In a recent study published in Nature Microbiology, Prof. SHI Zhengli from Wuhan Institute of Virology of Chinese Academy of Sciences, collaborating with Prof. WANG Linfa from Duke-NUS Medical School, Singapore, reported the discovery of Měnglà virus (MLAV), a new filovirus named after the location where it was found.
Researchers found MLAV in Rousettus bats in Yunnan Province.
According to this study, the coding-complete genome of MLAV shares 32-54% nucleotide sequence identity with known filoviruses. Besides, the low genomic sequence identity, the divergent phylogenic relationship with previously reported filoviruses as well as its unique gene overlapping pattern suggest that MLAV most likely represents a new genus within the Filoviridae family, which is termed Dianlovirus by researchers.
The finding provided evidence that bats harbor a large number of genetically diverse filoviruses across a wide range of locations globally. Similar to other filoviruses, MLAV uses NPC1 as entry receptor. Using the chimeric minigenome system, the MLAV replication complex is functional and exchangeable with that from EBOV or MARV.

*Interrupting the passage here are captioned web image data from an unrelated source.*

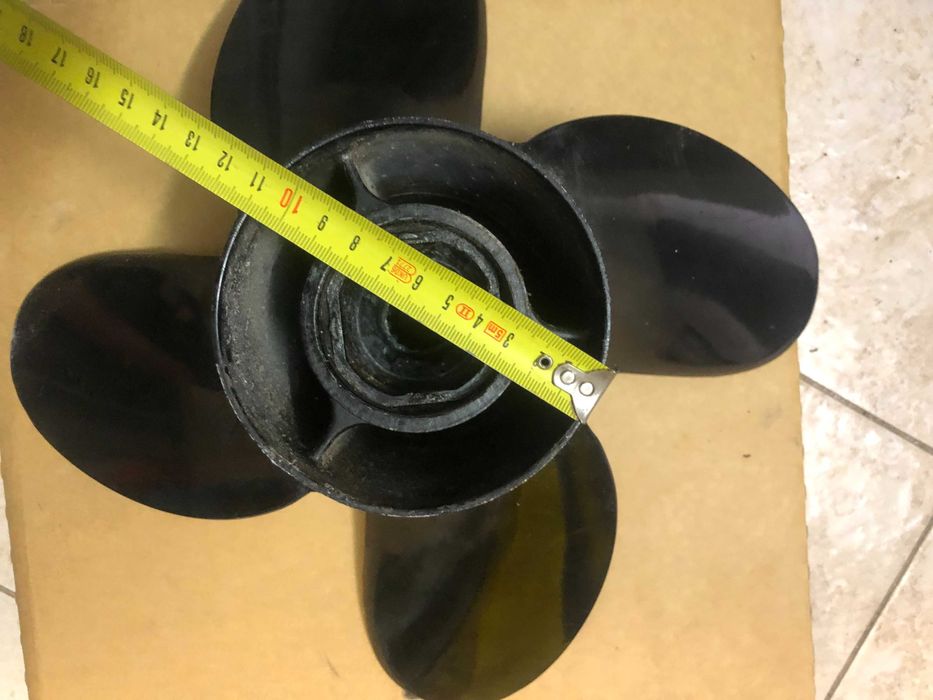 Гребной винт Mercury J 14.5 x 18 P для лодочного мотора . Алюм. Новый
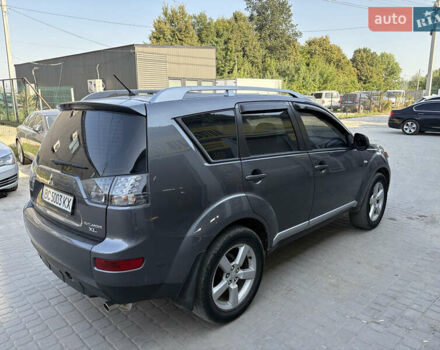 Міцубісі Аутлендер ХЛ 2008 у Києві на Automoto.ua Сірий Міцубісі Аутлендер ХЛ, об'ємом двигуна 2.36 л та пробігом 215 тис. км за 9000 $, фото 3 на Automoto.ua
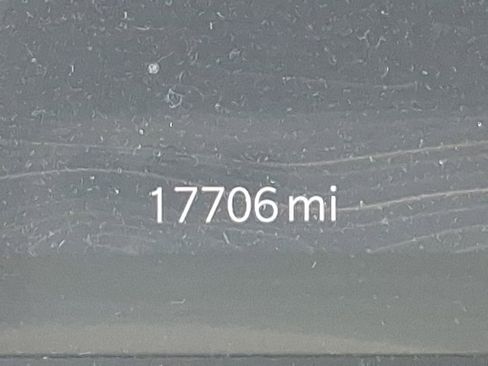 Used 2025 Jeep Grand Cherokee Limited w/ Black Appearance Package image 19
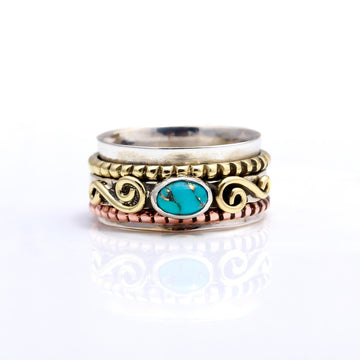 Ocean Elegance: Designer Oyster Turquoise Spinner Ring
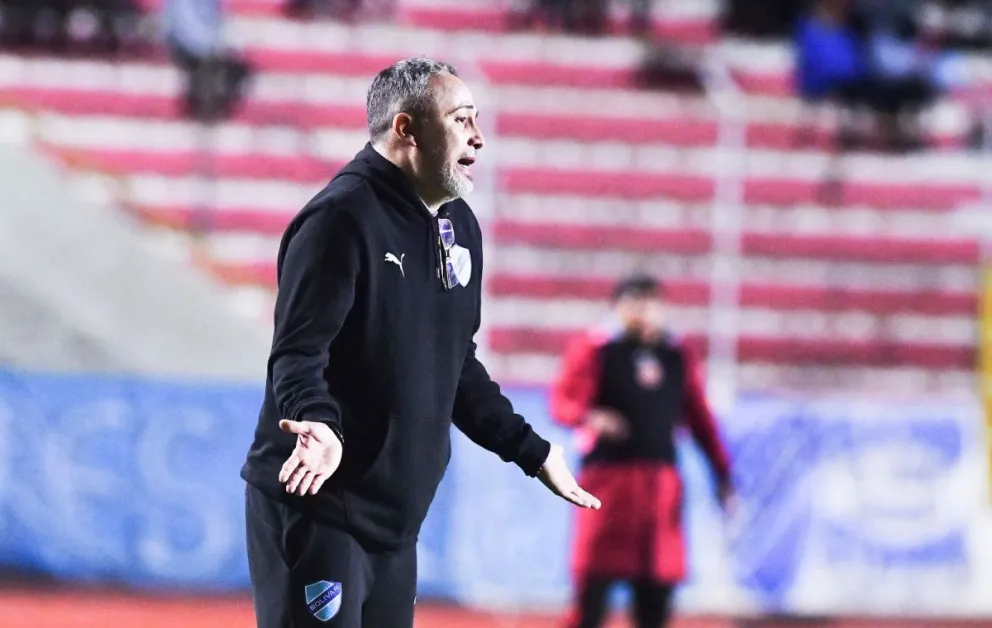 Robatto durante el partido de este viernes en el Siles. Foto: APG.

Bats play important roles in ecosystem through pollinating native and agricultural crops, reducing insect pests that damage crops, and consuming mosquitoes and other pests that feed on people and livestock.
"Killing or disturbing bats in their natural habitats could actually increase the risk of transmission of this new virus, and the best way for prevention of bat-borne diseases is to reduce exposure to the bats," Prof. SHI Zhengli said. "The purpose of this study is to discover new virus before it may spillover to humans, but not to incite panic of the public or a fear of bats, which is totally unnecessary."
Researchers from Yunnan Institute of Endemic Diseases Control and Prevention, Dali University, Guangdong Institute of Applied Biological Resources, and Wuhan University also participated in this study.